TASK PROMPT: Copy out the lines of the material that include the string "Street".
SUPPLIED ENTRIES Block Start
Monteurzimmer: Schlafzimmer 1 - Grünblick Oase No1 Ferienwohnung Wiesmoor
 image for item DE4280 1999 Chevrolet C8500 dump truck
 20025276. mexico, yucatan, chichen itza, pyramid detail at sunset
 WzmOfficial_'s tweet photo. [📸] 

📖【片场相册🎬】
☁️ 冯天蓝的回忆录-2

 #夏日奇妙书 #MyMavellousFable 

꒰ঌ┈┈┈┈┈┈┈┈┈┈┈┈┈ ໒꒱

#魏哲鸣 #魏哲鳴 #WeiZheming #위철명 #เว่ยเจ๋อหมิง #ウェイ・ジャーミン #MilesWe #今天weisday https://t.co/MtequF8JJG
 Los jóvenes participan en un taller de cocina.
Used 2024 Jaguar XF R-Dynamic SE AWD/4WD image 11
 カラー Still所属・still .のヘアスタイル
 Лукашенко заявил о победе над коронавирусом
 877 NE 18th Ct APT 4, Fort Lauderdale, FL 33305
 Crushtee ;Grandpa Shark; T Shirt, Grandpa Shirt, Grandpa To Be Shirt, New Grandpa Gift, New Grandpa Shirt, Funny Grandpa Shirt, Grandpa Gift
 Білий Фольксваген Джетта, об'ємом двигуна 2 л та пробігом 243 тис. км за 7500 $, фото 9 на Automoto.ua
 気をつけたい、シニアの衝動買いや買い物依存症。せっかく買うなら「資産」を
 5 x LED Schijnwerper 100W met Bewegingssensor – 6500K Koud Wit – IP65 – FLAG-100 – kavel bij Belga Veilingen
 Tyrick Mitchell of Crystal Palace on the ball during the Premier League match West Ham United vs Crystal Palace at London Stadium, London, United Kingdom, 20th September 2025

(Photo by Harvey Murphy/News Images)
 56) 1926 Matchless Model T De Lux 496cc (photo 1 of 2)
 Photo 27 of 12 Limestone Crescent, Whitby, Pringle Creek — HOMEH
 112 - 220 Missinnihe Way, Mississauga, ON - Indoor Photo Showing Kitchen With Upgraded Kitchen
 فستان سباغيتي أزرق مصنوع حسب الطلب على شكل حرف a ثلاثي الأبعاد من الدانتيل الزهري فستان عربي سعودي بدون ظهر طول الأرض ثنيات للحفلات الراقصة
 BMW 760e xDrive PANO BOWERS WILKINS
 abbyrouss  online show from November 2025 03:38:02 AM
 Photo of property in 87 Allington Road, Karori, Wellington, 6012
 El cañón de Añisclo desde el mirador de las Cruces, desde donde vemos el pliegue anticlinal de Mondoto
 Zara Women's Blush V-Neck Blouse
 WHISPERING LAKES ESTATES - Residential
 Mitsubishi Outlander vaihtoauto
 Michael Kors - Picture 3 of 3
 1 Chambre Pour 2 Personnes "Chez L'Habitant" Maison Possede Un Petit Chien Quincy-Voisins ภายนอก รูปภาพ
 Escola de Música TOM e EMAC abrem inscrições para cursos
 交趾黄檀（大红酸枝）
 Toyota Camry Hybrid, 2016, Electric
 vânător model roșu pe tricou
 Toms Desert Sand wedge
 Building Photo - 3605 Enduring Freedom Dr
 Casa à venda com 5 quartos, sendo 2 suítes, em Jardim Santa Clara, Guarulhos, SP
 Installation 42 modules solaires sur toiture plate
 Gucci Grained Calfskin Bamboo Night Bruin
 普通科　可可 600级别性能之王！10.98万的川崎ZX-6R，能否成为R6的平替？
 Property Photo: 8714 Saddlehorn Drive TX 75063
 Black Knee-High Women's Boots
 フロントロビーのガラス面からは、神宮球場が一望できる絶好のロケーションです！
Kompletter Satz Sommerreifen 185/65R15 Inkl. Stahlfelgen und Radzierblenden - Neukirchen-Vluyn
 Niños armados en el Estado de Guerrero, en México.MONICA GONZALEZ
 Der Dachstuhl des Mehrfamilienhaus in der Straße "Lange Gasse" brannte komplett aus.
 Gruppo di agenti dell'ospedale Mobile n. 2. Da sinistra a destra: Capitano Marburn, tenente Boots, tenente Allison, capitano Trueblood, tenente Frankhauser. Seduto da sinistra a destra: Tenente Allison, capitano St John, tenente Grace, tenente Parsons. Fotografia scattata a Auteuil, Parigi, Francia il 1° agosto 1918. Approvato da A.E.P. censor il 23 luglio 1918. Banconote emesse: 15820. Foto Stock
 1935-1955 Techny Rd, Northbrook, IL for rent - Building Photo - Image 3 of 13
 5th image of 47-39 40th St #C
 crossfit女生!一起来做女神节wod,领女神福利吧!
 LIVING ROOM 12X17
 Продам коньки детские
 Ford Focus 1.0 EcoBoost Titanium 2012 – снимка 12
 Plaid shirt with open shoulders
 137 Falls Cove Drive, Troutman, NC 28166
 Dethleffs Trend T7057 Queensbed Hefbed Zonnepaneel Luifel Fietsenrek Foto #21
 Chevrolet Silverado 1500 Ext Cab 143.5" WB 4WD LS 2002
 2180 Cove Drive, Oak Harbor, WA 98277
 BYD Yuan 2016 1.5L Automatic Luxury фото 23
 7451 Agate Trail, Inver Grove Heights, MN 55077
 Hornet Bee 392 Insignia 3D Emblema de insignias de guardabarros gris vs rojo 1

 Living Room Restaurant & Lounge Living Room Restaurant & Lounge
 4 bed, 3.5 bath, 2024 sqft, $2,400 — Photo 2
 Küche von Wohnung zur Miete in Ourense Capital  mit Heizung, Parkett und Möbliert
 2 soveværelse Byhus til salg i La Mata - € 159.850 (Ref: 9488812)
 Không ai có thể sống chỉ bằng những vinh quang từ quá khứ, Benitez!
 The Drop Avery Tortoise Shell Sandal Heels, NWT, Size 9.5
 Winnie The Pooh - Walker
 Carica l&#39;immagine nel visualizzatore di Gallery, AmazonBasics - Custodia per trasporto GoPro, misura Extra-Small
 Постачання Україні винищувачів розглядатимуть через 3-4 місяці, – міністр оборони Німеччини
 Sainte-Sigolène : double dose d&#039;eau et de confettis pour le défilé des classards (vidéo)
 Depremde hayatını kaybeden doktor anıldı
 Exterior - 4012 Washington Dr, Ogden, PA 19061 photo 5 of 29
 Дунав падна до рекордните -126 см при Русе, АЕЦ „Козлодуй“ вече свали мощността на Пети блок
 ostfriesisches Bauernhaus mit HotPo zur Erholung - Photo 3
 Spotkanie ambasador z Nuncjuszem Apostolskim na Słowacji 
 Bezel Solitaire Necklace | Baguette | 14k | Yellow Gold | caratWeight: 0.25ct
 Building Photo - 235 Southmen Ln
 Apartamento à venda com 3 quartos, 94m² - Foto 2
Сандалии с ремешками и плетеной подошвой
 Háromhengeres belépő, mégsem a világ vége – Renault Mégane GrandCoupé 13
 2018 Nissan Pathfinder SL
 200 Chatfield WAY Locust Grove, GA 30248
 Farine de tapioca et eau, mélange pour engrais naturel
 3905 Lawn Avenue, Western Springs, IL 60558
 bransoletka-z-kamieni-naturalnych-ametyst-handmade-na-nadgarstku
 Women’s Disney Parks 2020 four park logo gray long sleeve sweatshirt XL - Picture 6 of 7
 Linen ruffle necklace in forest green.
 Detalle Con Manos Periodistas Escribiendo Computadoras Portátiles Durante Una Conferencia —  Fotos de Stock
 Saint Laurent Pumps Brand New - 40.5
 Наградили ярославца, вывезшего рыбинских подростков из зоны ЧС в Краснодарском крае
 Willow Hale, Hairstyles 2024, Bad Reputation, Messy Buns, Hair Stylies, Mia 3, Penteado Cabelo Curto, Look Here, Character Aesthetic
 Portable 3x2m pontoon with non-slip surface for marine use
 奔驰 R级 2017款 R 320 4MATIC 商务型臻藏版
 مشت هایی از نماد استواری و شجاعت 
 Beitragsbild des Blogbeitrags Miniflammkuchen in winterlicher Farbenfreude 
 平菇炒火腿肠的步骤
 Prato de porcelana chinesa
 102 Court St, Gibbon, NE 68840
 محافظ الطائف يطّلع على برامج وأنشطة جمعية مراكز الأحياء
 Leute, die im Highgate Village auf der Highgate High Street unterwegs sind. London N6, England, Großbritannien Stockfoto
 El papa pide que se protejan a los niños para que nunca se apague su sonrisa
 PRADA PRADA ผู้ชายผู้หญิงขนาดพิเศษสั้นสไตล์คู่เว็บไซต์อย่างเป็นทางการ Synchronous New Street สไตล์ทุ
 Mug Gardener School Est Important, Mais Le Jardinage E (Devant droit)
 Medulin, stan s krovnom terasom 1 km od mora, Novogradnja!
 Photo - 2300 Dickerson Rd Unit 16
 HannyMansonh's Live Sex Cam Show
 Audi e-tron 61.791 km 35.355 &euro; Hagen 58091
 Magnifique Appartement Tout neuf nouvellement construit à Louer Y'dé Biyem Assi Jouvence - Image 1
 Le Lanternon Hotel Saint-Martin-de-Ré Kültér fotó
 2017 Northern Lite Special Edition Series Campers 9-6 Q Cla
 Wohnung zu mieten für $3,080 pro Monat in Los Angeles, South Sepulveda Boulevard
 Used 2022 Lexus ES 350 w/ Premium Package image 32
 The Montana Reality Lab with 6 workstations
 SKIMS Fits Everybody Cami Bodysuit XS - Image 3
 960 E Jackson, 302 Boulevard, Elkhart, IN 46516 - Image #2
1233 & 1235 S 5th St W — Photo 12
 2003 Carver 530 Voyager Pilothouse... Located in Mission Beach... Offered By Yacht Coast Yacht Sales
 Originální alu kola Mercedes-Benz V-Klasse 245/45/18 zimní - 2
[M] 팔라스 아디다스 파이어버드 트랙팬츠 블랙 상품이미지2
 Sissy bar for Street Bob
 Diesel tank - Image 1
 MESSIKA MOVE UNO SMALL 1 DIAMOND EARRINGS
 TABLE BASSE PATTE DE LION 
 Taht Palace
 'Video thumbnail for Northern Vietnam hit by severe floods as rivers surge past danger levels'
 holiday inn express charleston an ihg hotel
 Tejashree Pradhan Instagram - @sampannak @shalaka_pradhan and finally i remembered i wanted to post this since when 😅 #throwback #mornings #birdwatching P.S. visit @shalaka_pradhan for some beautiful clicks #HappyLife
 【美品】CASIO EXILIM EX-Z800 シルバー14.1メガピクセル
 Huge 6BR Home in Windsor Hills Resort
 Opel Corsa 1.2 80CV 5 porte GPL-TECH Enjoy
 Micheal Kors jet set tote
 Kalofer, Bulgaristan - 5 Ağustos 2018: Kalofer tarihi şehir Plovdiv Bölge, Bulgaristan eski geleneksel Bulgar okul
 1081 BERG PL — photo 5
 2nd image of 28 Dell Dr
SUPPLIED ENTRIES Block End
ANSWER BELOW:
 Leute, die im Highgate Village auf der Highgate High Street unterwegs sind. London N6, England, Großbritannien Stockfoto
 PRADA PRADA ผู้ชายผู้หญิงขนาดพิเศษสั้นสไตล์คู่เว็บไซต์อย่างเป็นทางการ Synchronous New Street สไตล์ทุ
 Sissy bar for Street Bob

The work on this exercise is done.